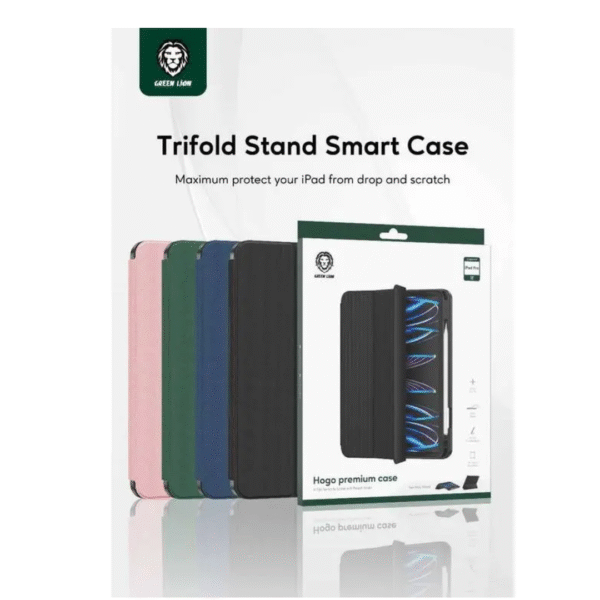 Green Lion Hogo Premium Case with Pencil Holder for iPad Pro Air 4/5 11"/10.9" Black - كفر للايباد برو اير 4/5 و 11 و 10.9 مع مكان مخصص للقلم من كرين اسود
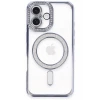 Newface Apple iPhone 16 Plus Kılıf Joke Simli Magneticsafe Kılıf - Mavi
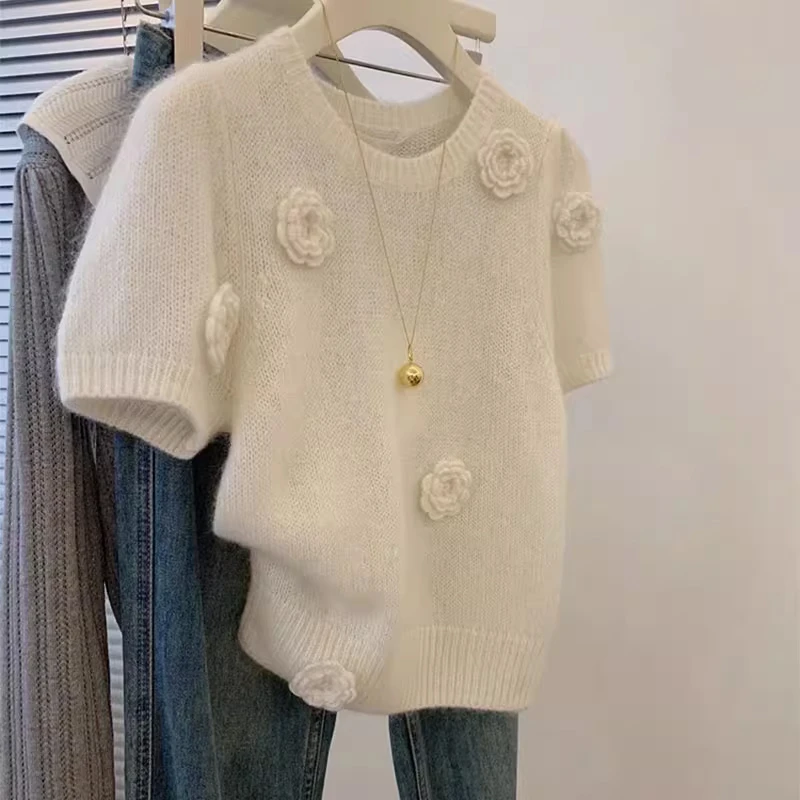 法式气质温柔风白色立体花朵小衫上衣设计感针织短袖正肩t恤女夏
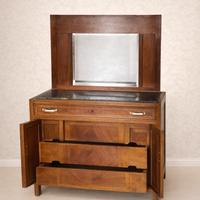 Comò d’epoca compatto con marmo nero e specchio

· · · · ·

• WORK REQUIRED
Nothing but the lines from the line containing "法式气质温柔风白色立体花朵小衫上衣设计感针织短袖正肩t恤女夏" through the end of the data, both ends included, is to be reproduced, exactly as written and without the pictures.

• RESULT FOR THIS TASK
 法式气质温柔风白色立体花朵小衫上衣设计感针织短袖正肩t恤女夏
 Comò d’epoca compatto con marmo nero e specchio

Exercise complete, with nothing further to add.